The lines below from the one with "Used Land Rover" up to and including the one with "New 2026 Jeep" are what you should set down, exactly and without pictures.

### Data for processing
************

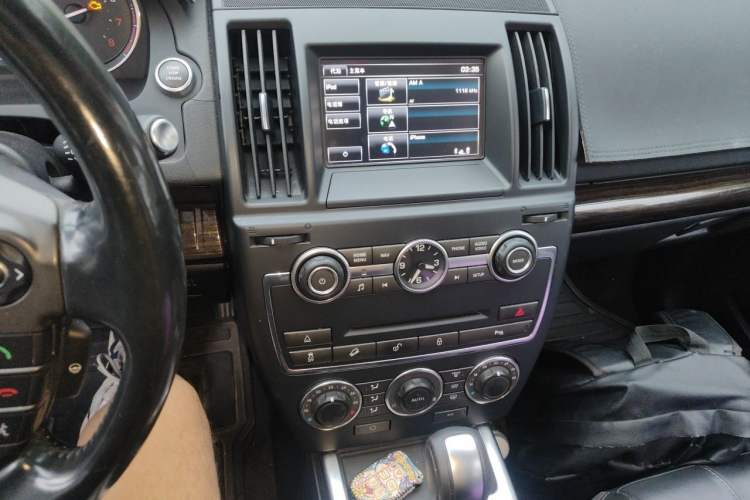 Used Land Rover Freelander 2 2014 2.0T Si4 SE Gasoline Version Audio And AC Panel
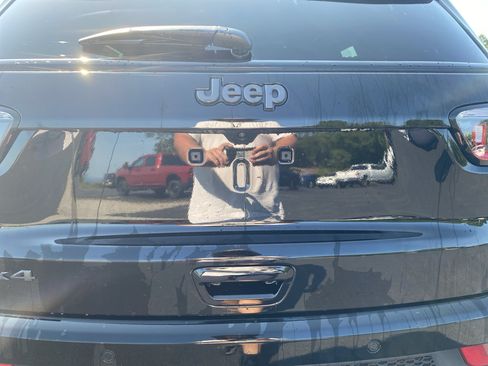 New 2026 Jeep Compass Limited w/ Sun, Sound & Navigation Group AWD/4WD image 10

************

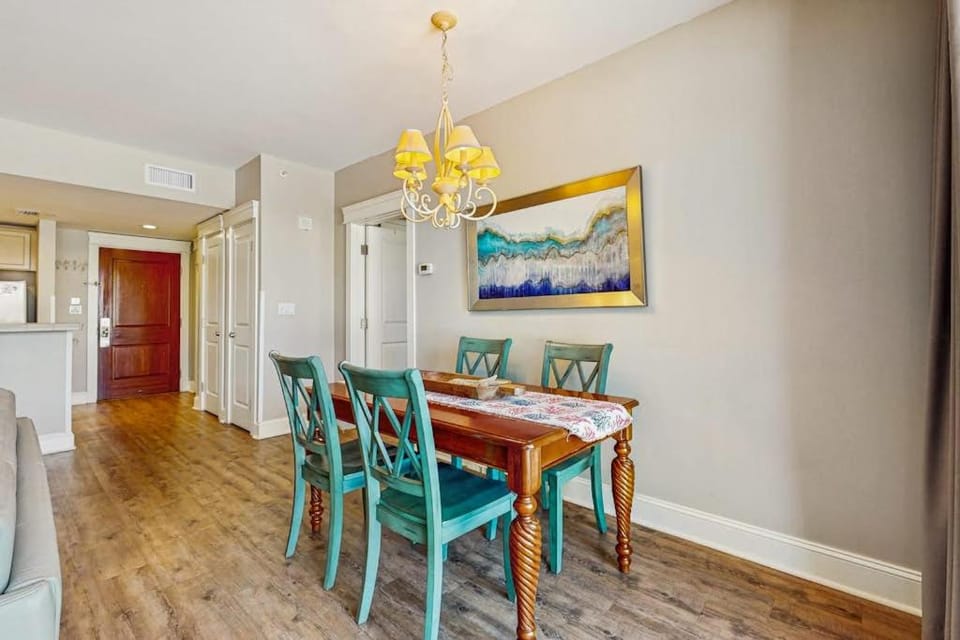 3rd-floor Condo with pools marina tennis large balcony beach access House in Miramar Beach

************

### Exercise solution
 Used Land Rover Freelander 2 2014 2.0T Si4 SE Gasoline Version Audio And AC Panel
 New 2026 Jeep Compass Limited w/ Sun, Sound & Navigation Group AWD/4WD image 10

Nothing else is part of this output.